Little House on the Prairie—With Meth

In his new book, Ted Conover moves to a remote valley in southern Colorado to experience 21st-century life off the grid.

A shack with mountains in the background
A home in Colorado's San Luis Valley (Courtesy of Ted Conover)

In the many decades that have passed since Laura Ingalls Wilder’s Little House on the Prairie books became the most widely read, most beloved account of the American frontier experience, a revisionist view has emerged, not just of what these days is called settler colonialism but of her father, Charles—that is, Pa, the fiddler with the twinkling eyes.

As portrayed by Wilder’s biographer Caroline Fraser, Charles Ingalls was a feckless man, if a loving father. He dragged his wife and daughters out of Wisconsin and “a comfortable, established home with plowed fields and a productive garden,” in Fraser’s words, and then from bad to worse: a house illegally built on Native American territory from which they are expelled; a farm in Minnesota prey to apocalyptic locust swarms; a hotel in Iowa next to a saloon, where a man tried to force his way into the young Wilder’s room; and finally the Dakota Territory. Scientists at the time had warned that the Great Plains were arid and infertile and sure to drive small farmers into bankruptcy, but the government, urged on by the railroads, lured people there anyway, giving away homesteads, unleashing land rushes, creating the conditions that laid waste to the prairie ecosystem. When Pa died in 1902, he had nothing to leave his widow and blind daughter but the house they lived in.

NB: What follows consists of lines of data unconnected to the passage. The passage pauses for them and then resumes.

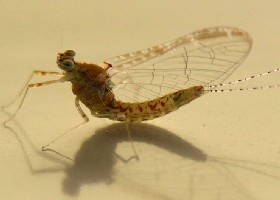 Mayfly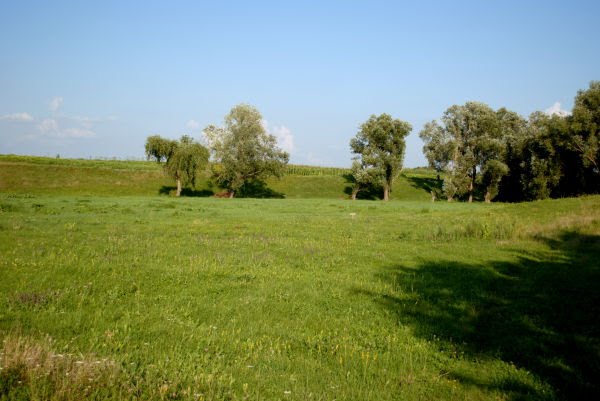 Біля парку...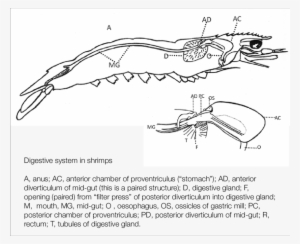 Anatomy Of Shrimp Digestive System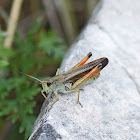 Large Mountain Grasshopper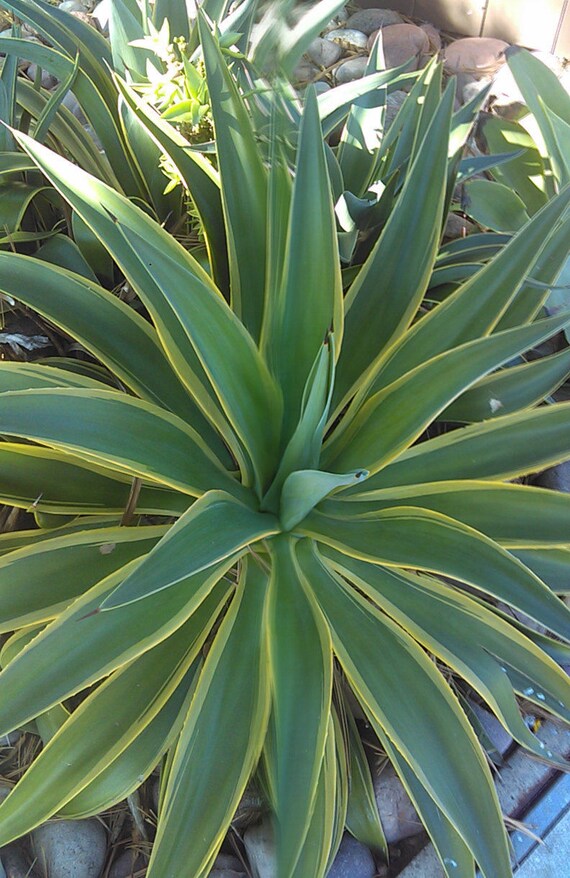 Rare Variegated Agave five pups. baby plants ready to grow a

A century and some years later, Donald Trump wins the presidential election, and the journalist Ted Conover lights out for the territories—well, for southern Colorado, parts of which have indeed become a barren land. An earlier magazine assignment sent him to that part of the state to write about South Park, the real town of TV-show fame, “a place nearly devoid of people that was overlaid with dirt roads from a moribund 1970s subdivision.” After the election, Conover feels compelled to go back. He heads for a settlement not far from South Park in the San Luis Valley, sometimes called the flats, where a transient population lives in one-room shacks or trailers, many without plumbing, electricity, or internet. “The American firmament was shifting in ways I needed to understand,” he writes in his new book, Cheap Land Colorado: Off-Gridders at America’s Edge. “These empty, forgotten places seemed an important part of that.”

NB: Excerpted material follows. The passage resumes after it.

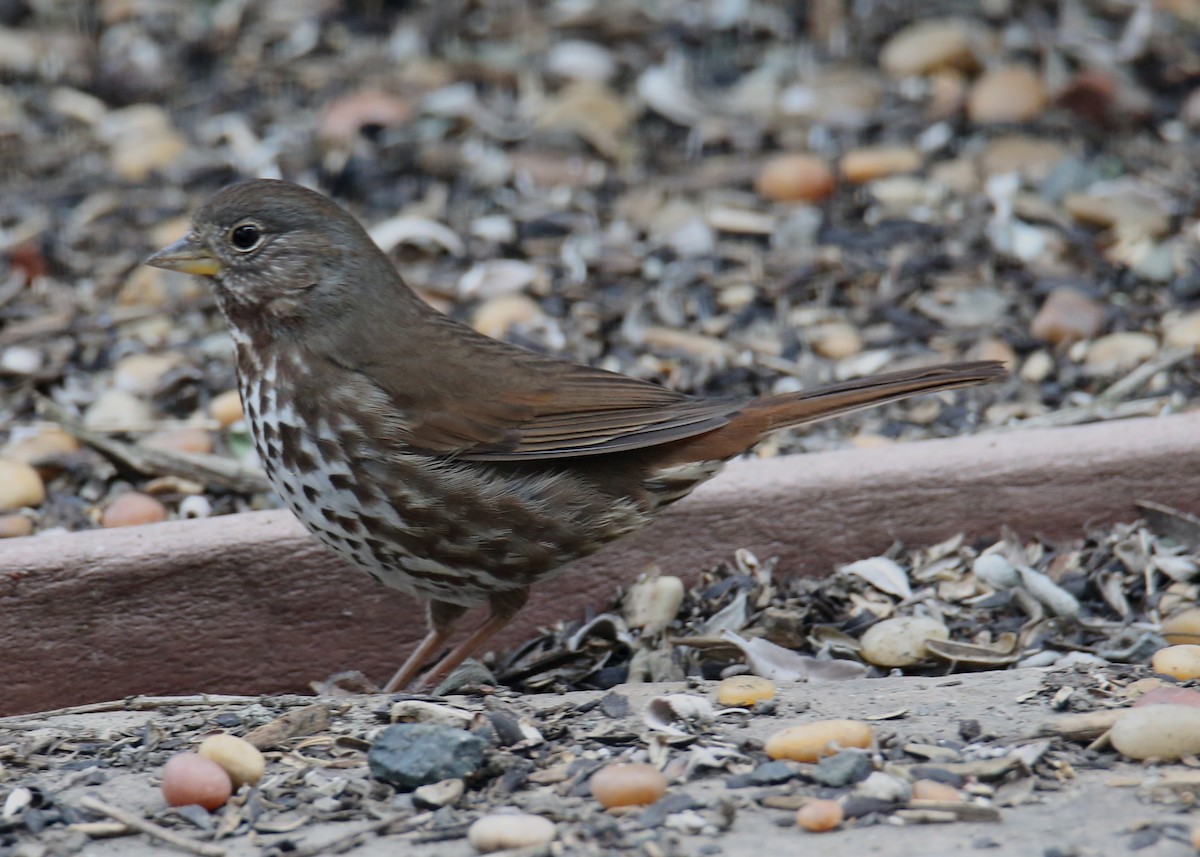 Fox Sparrow - ML620701978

I’m happy to report that over the course of his journey, Conover appears largely to forget his mission to explain the Trump voter, a too-common assignment that typically degenerates into cliché-mongering. Anyway, the people he meets in the valley strike him not as enemies of the great American experiment but, on the contrary, as the direct heirs of the pioneers—you might say, of Pa, which is perhaps why Conover has chosen a passage from Wilder’s The Long Winter as one of his epigraphs. The land isn’t free anymore, but, as Conover writes, “it is some of the cheapest in the United States”: $5,000 or so for a five-acre lot. The settlers “have a truck instead of a wagon and mule,” plus “some solar panels, possibly even a weak cell-phone signal,” he notes. “And legal weed.”

By Laura Ingalls Wilder

Who moves to the flats in the 21st century, and why? “What would drive you to it?” he wonders. Of course, that’s the mystery of Charles Ingalls, too. I should be clear that Conover doesn’t talk about Pa, but you can’t miss his ghostly presence. “My wife quipped that I could title this book Little House on the Prairie, with Meth,” Conover writes.

To dredge up answers, Conover “goes deep,” as he calls the Method-style journalism he has become famous for in Immersion (2016), his manual about the process. For his breakthrough book, Newjack: Guarding Sing Sing (2000), Conover spent a year as a corrections officer in the New York maximum-security prison. Newjack’s accomplishment is that it provides a 360-degree overview of America’s ghastly penitentiary system while remaining inside the perspective of one of its most monstrous members, which is how prison guards are usually characterized—by journalists, anyhow. You shouldn’t hate anyone, my journalism-professor husband likes to quote his fifth-grade teacher saying, and Conover doesn’t. He records hateful things, such as fantasizing about breaking the arm of an inmate who had reached out of his cell and hit him. But Conover is able to stay close to the corrections officers’ experience even as he takes the sociological view, with the result that the urge to pass judgment on them starts to feel callow.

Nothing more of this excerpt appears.